If two words or lines of poetry rhyme, they end with the same sounds, including a vowel. That is, a sound device that the final vowel and consonant repeated in two words. There are different kinds of rhyme:

1. Exact rhyme means that the final vowel and consonants sounds are exactly the same. For example, the word "cat" is an exact rhyme with "hat," "fat," "sat," "rat," and other words.

2. Slant rhyme is the rhyme that the final consonant of two words sounds the same, but the final vowel sounds are not identical. "Room" and "storm" are slant rhymes (Emily Dickinson's I heard a fly buzz when I died).
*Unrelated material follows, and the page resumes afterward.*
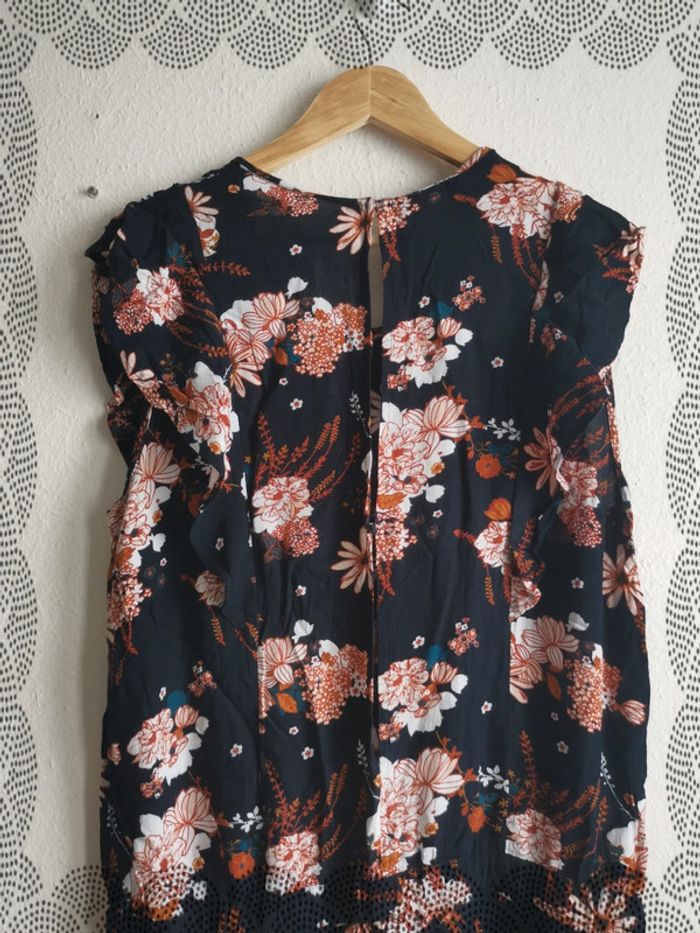 Combishort Kiabi taille 44 - photo numéro 10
3. End rhyme refers to two sounds rhyme each other at the end of lines. The first and third lines rhyme and the second and fourth lines rhyme. For example, That time of the year thou mayst in me behold / When yellow leaves, or none, or few, do hang / Upon those boughs which shale against the cold / Bare ruined choirs, where late the sweet birds sang. Behold and cold rhyme, and hang and sang rhyme. (William Shakespeare, That time of the year thou mayst in me behold).

4. Internal rhyme means that not all rhyming words have to be at the end of lines. Some poems have rhymes within the lines.

Poetic rhythm

Refers to the alternation between the stressed and unstressed syllables in a poem. A stressed syllable receives more emphasis and stress than an unstressed syllable.

1. Meter: a regular pattern of stressed and unstressed syllables in a line of poetry.

A. Iambic meter: a line consists of two syllables. The first syllable is unstressed followed by a stressed one.

B. Trochaic meter: a line also consists of two syllables. The first one is stressed followed by an unstressed one.